• WHAT TO DO
Your reply must contain the full listing below, reproduced exactly, but no pictures.

• RECORD EXTRACTS
[Start of Attachment]

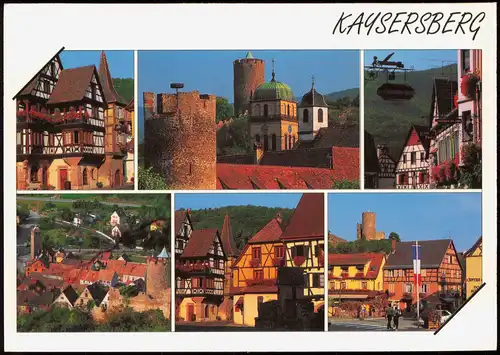 CPA Kaysersberg Mehrbildkarte mit 6 Ortsansichten 2000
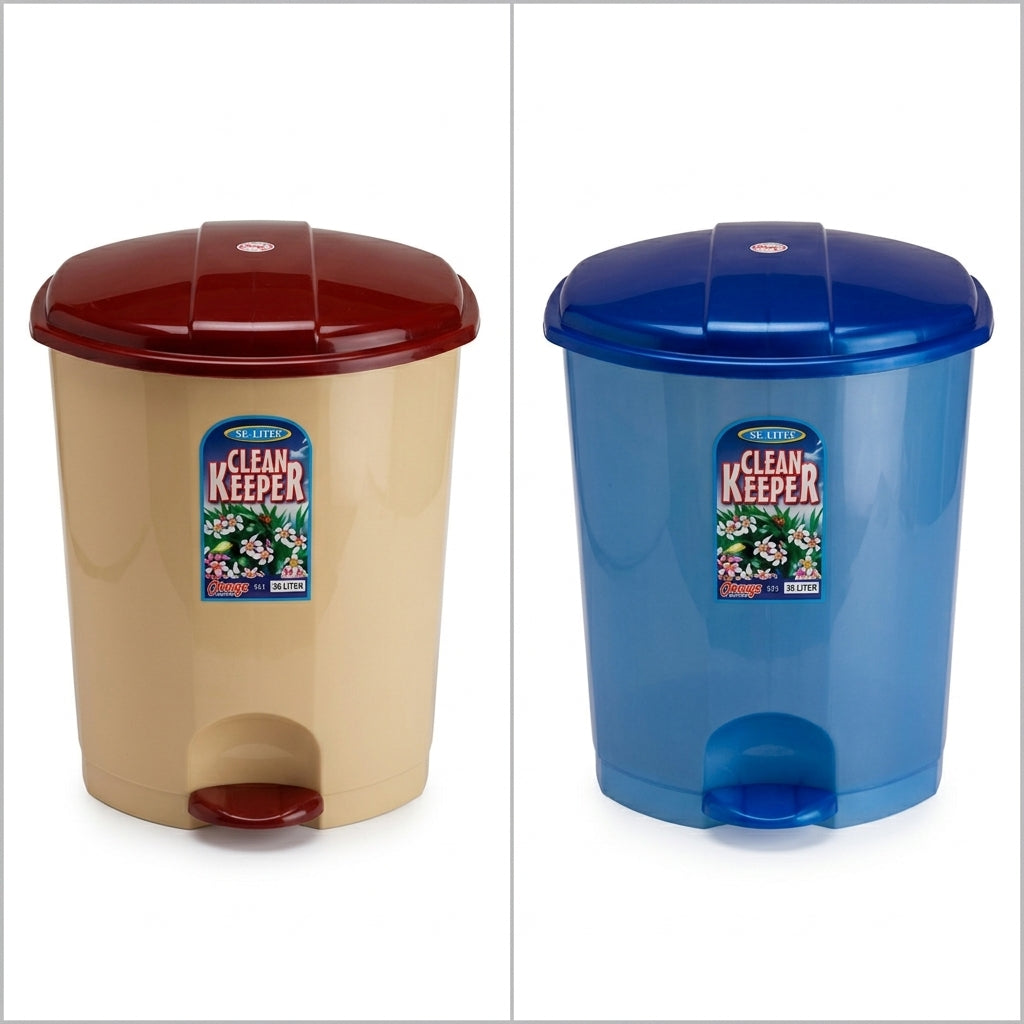 50 Litre Pedal Bin Stainless Steel Kitchen Waste Rubbish Clean Keeper Mixed Colour SKU D01015/PB50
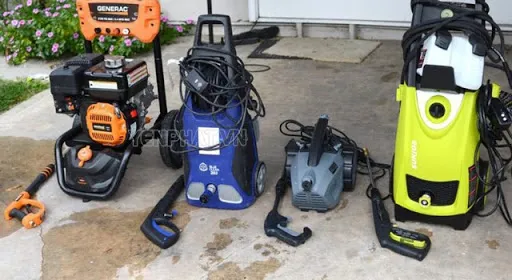 ưu điểm máy rửa xe áp lực cao nhật bãi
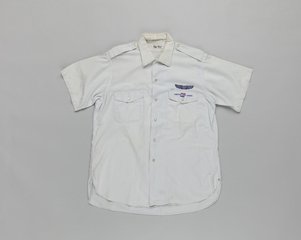 Image: flight officer shirt: United Air Lines, summer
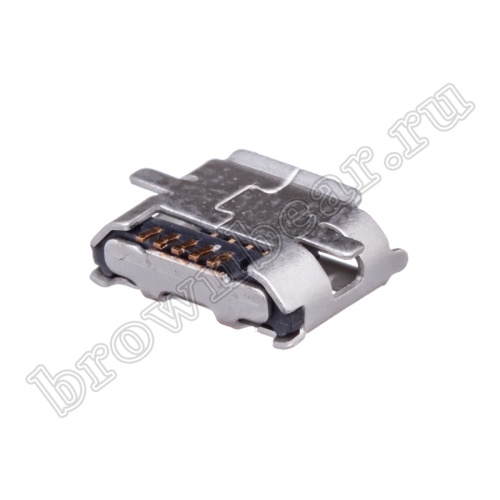 Разъем micro USB, гнездо на плату, поверхностный монтаж, 5 контактов USB/Mc-1J фото 3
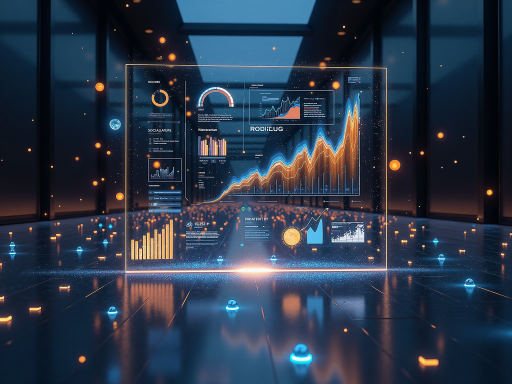 未来科技概念图，展现数字化转型趋势，体现企业对未来发展和技术进步的展望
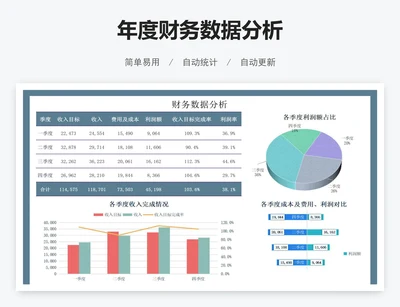 年度财务数据分析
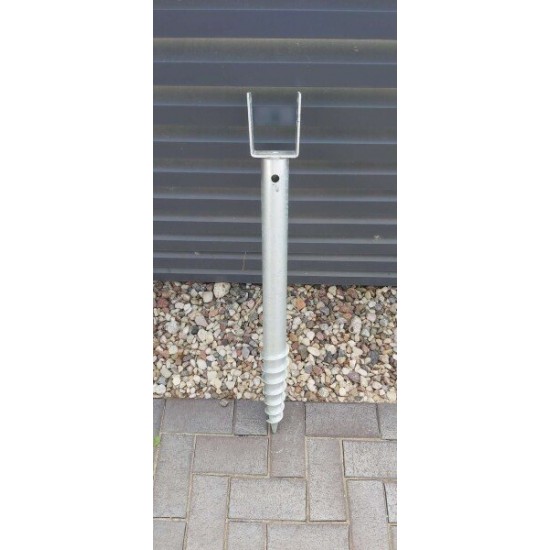 Skrūvpālis U veida 100x1200x2,0mm HDG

[End of Attachment]

• RESPONSE
 CPA Kaysersberg Mehrbildkarte mit 6 Ortsansichten 2000
 50 Litre Pedal Bin Stainless Steel Kitchen Waste Rubbish Clean Keeper Mixed Colour SKU D01015/PB50
 ưu điểm máy rửa xe áp lực cao nhật bãi
 Image: flight officer shirt: United Air Lines, summer
 Разъем micro USB, гнездо на плату, поверхностный монтаж, 5 контактов USB/Mc-1J фото 3
 未来科技概念图，展现数字化转型趋势，体现企业对未来发展和技术进步的展望
 年度财务数据分析
 Skrūvpālis U veida 100x1200x2,0mm HDG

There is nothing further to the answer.